**PROMPT:**
Without any images, write the data out exactly as it appears.

Captioned web image data
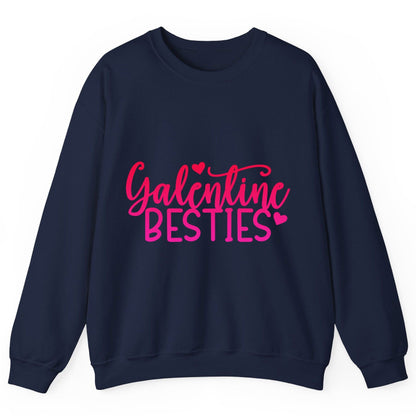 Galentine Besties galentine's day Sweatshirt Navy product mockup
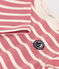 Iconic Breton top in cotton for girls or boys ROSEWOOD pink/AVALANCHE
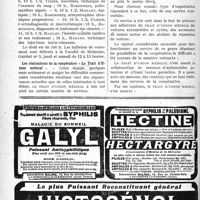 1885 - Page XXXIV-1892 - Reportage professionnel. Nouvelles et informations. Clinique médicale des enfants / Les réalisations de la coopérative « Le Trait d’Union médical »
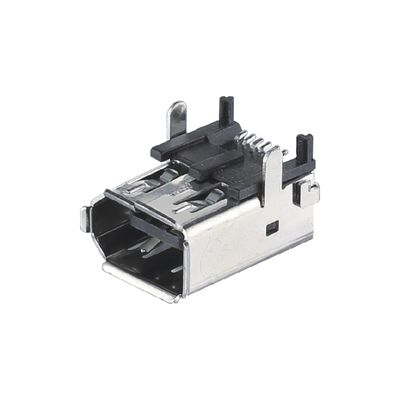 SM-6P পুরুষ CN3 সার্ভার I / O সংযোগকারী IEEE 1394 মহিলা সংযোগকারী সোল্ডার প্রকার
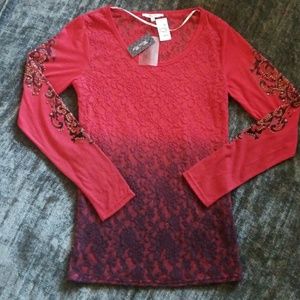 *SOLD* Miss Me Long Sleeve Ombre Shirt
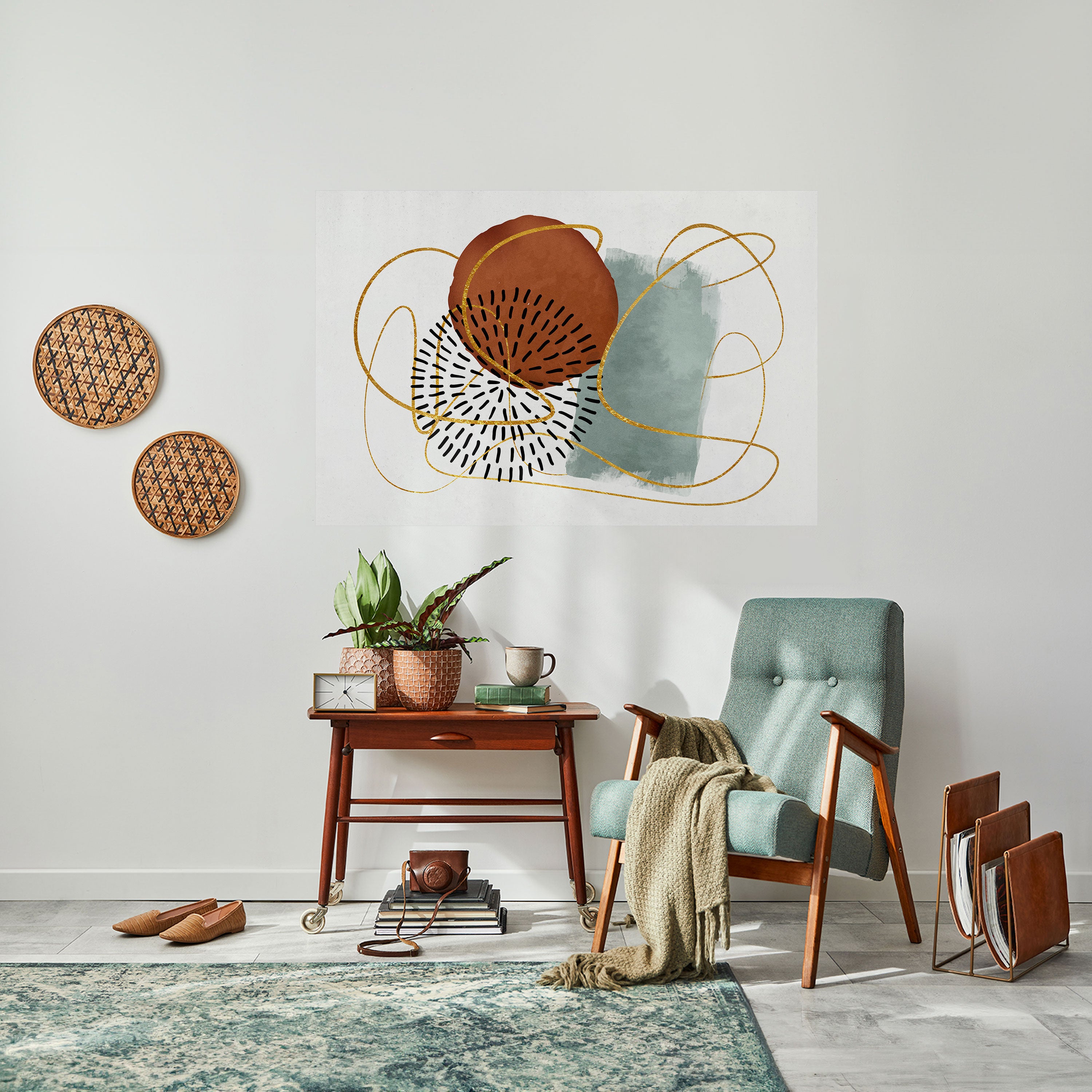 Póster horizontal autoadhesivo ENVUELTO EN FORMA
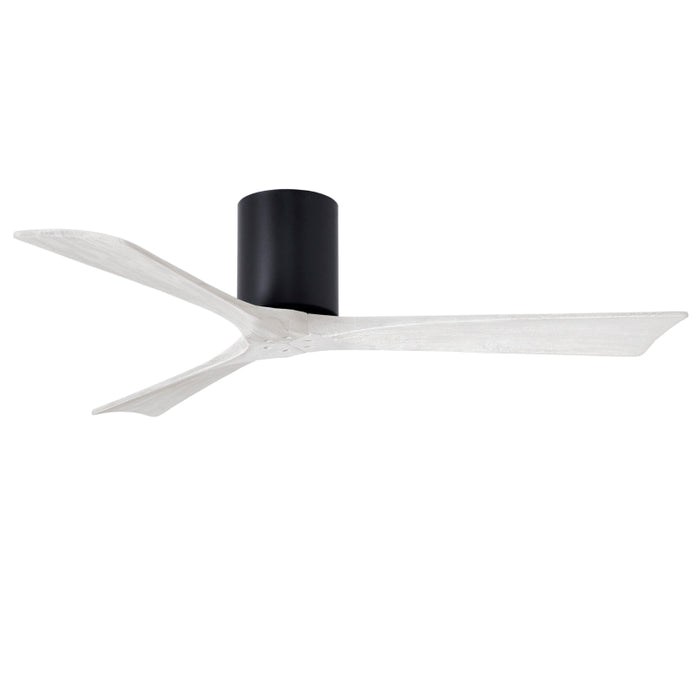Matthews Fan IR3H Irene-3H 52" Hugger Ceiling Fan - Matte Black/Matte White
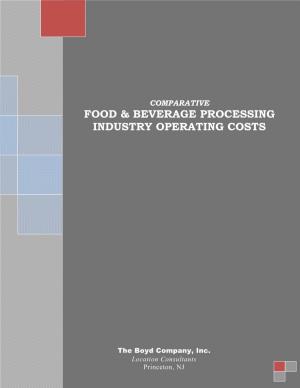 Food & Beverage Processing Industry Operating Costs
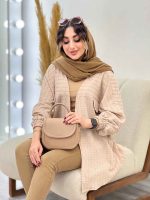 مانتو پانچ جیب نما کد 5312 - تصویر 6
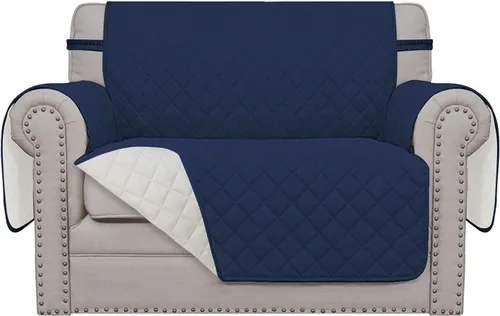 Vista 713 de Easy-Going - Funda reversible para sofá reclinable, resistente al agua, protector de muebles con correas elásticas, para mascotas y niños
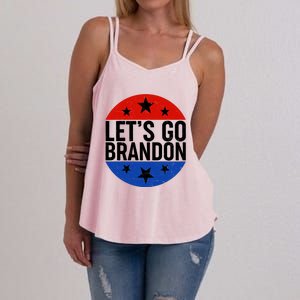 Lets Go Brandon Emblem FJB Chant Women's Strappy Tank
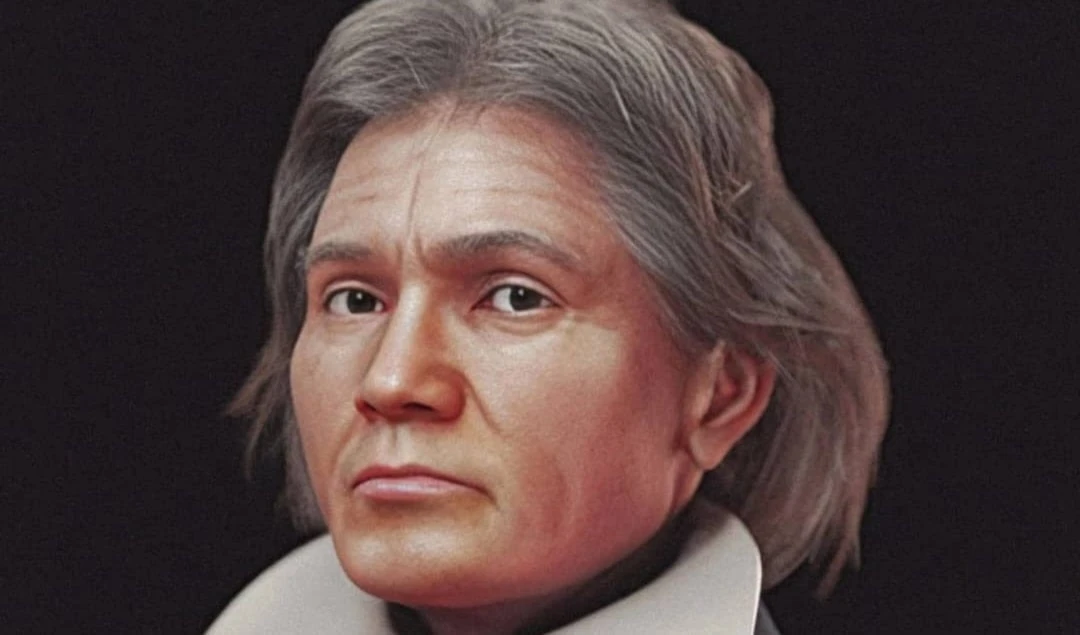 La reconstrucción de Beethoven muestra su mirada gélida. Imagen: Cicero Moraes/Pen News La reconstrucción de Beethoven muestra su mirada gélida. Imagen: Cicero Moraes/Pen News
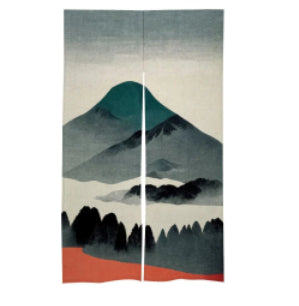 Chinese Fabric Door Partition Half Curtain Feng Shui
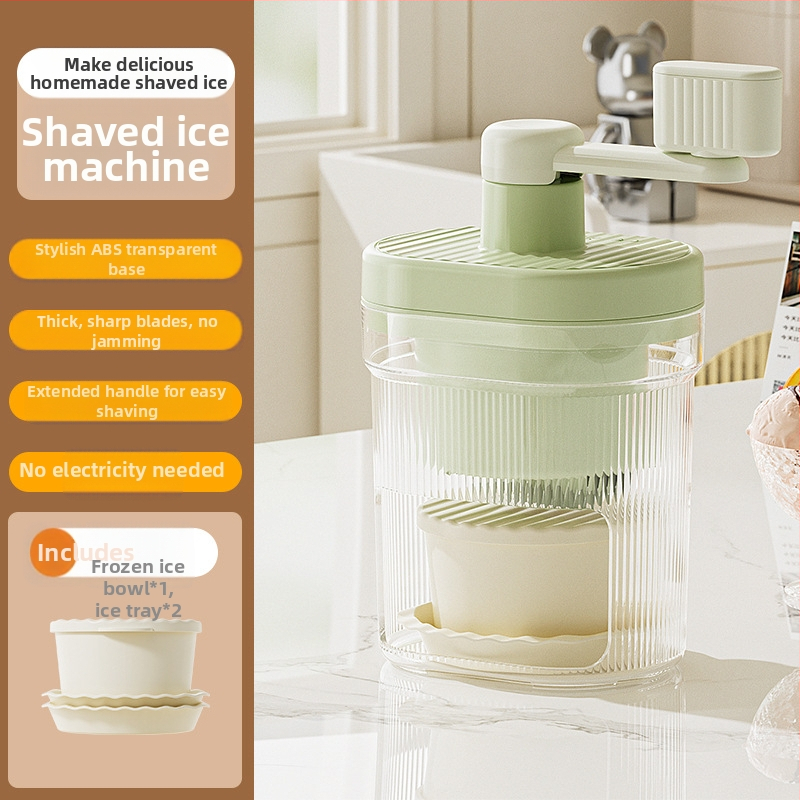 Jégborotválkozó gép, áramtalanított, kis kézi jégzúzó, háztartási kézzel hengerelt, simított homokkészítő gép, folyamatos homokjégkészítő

**RESULT OF THE TASK:**
 Galentine Besties galentine's day Sweatshirt Navy product mockup
 Iconic Breton top in cotton for girls or boys ROSEWOOD pink/AVALANCHE
 1885 - Page XXXIV-1892 - Reportage professionnel. Nouvelles et informations. Clinique médicale des enfants / Les réalisations de la coopérative « Le Trait d’Union médical »
 SM-6P পুরুষ CN3 সার্ভার I / O সংযোগকারী IEEE 1394 মহিলা সংযোগকারী সোল্ডার প্রকার
 *SOLD* Miss Me Long Sleeve Ombre Shirt
 Póster horizontal autoadhesivo ENVUELTO EN FORMA
Matthews Fan IR3H Irene-3H 52" Hugger Ceiling Fan - Matte Black/Matte White
 Food & Beverage Processing Industry Operating Costs
 مانتو پانچ جیب نما کد 5312 - تصویر 6
 Vista 713 de Easy-Going - Funda reversible para sofá reclinable, resistente al agua, protector de muebles con correas elásticas, para mascotas y niños
 Lets Go Brandon Emblem FJB Chant Women's Strappy Tank
 La reconstrucción de Beethoven muestra su mirada gélida. Imagen: Cicero Moraes/Pen News La reconstrucción de Beethoven muestra su mirada gélida. Imagen: Cicero Moraes/Pen News
 Chinese Fabric Door Partition Half Curtain Feng Shui
 Jégborotválkozó gép, áramtalanított, kis kézi jégzúzó, háztartási kézzel hengerelt, simított homokkészítő gép, folyamatos homokjégkészítő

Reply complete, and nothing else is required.